Conclusion: disclosure of radar manual is vital for a proper and full defense!
I requested it on Friday, and got a letter from the Crown today saying I could go there and see it. Of course, "there" is five hours away, so I would be seeing it just prior to Trial.
I really need to know about the before stop testing, and whether the Court would allow the officer's notes in that regard to be provided at this late date. I would think it would be not be allowed, but I am hoping someone has been through this and can tell me what their experience was.
HTARep wrote:I really need to know about the before stop testing, and whether the Court would allow the officer's notes in that regard to be provided at this late date.
The "before and after" tests are absolutely required. Now, there is some controversy, such as the R. v. Sanders case where the JP ruled that the notation of the tests are not required. However, that is against several rulings by appellate Justices and the R. v. Schlesinger case.
JP Cuthbertson released the Schlesinger decision. He articulated some key points that make it more reliable than the Sanders case. Citing the R. v. Niewiadomski case, Cuthbertson says:
Justice Schnalls ruling indicates that notations of the tests done are required for proof beyond a reasonable doubt.

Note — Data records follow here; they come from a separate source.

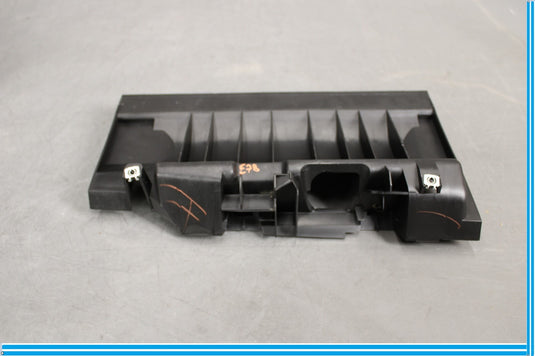 10-13 Land Range Rover Sport Right Dashboard Knee Bolster Cover Bracket Oem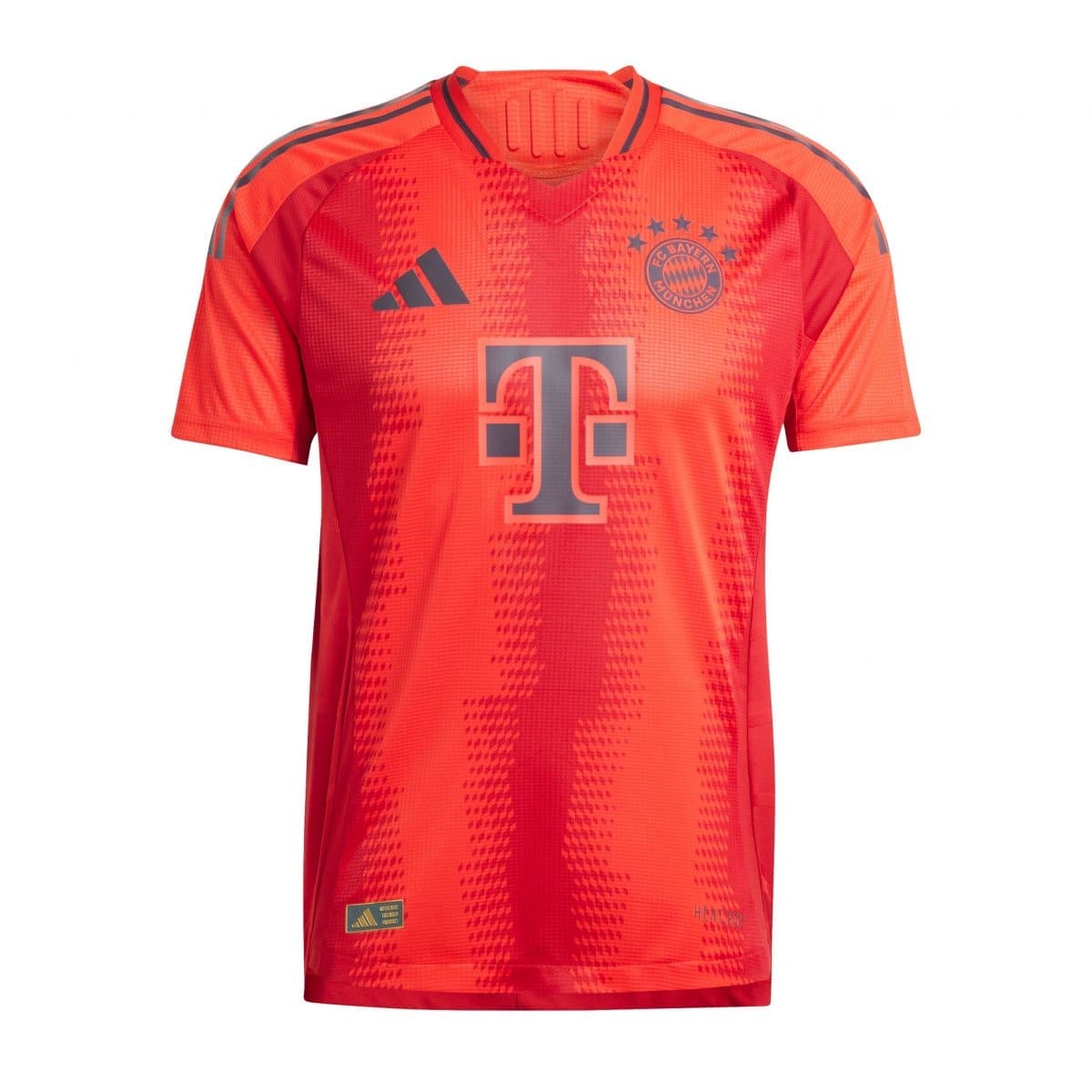 Bayern Múnich Local 24/25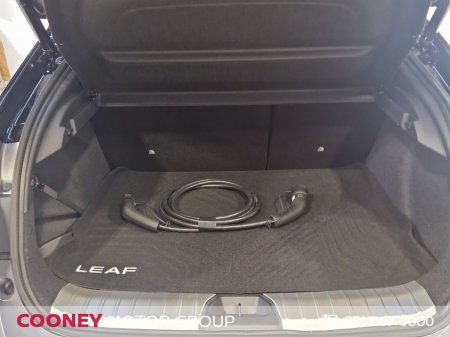 2026 Nissan Leaf - photo 22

Justice Schnall is an appellate Justice. There's more to it than what I posted... but hopefully it helps. If the Crown did not disclose notes of the time where the device was tested, you could very well argue that you were misled into believing the device was not tested and mounted a defence based upon incomplete disclosure by the Crown. The note about testing need not be lengthy: "tested per manufacturer's specs, ok @ 9:55 PM" would be enough.